── Recorded information

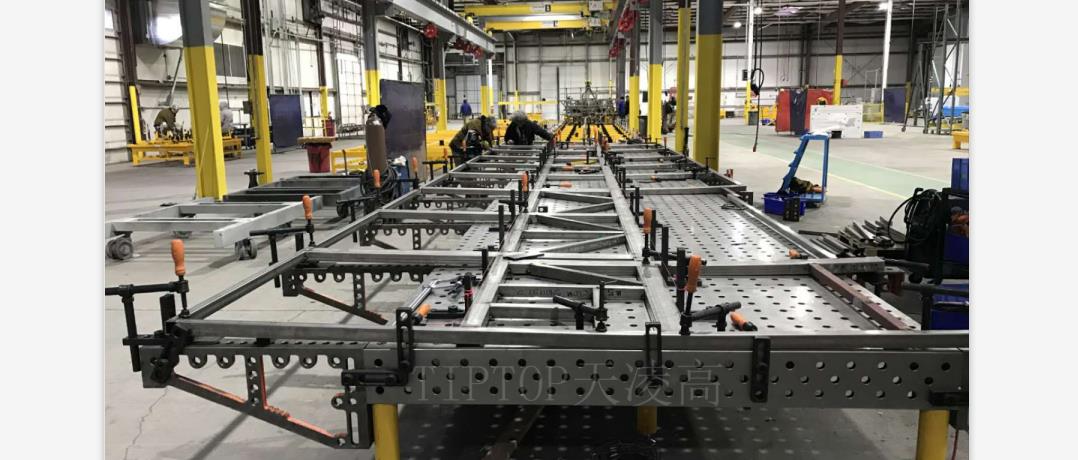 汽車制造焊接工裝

────
── Recorded information

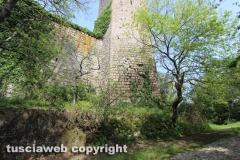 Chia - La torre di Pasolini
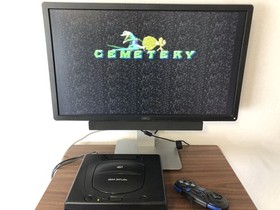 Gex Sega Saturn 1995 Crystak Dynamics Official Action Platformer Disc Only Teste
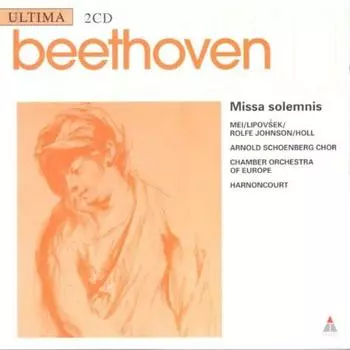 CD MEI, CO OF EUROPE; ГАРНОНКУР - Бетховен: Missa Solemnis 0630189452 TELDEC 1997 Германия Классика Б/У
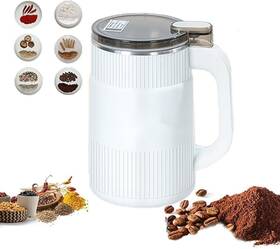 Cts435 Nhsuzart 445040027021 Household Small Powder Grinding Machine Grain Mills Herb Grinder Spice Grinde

────

» **Action item**: Please set down, exactly and with no pictures, the lines in the entries above starting at the one holding "Gex Sega Saturn" and ending at the one holding "Cts435 Nhsuzart 445040027021", ends included.

» **Response to the exercise**:
 Gex Sega Saturn 1995 Crystak Dynamics Official Action Platformer Disc Only Teste
 CD MEI, CO OF EUROPE; ГАРНОНКУР - Бетховен: Missa Solemnis 0630189452 TELDEC 1997 Германия Классика Б/У
 Cts435 Nhsuzart 445040027021 Household Small Powder Grinding Machine Grain Mills Herb Grinder Spice Grinde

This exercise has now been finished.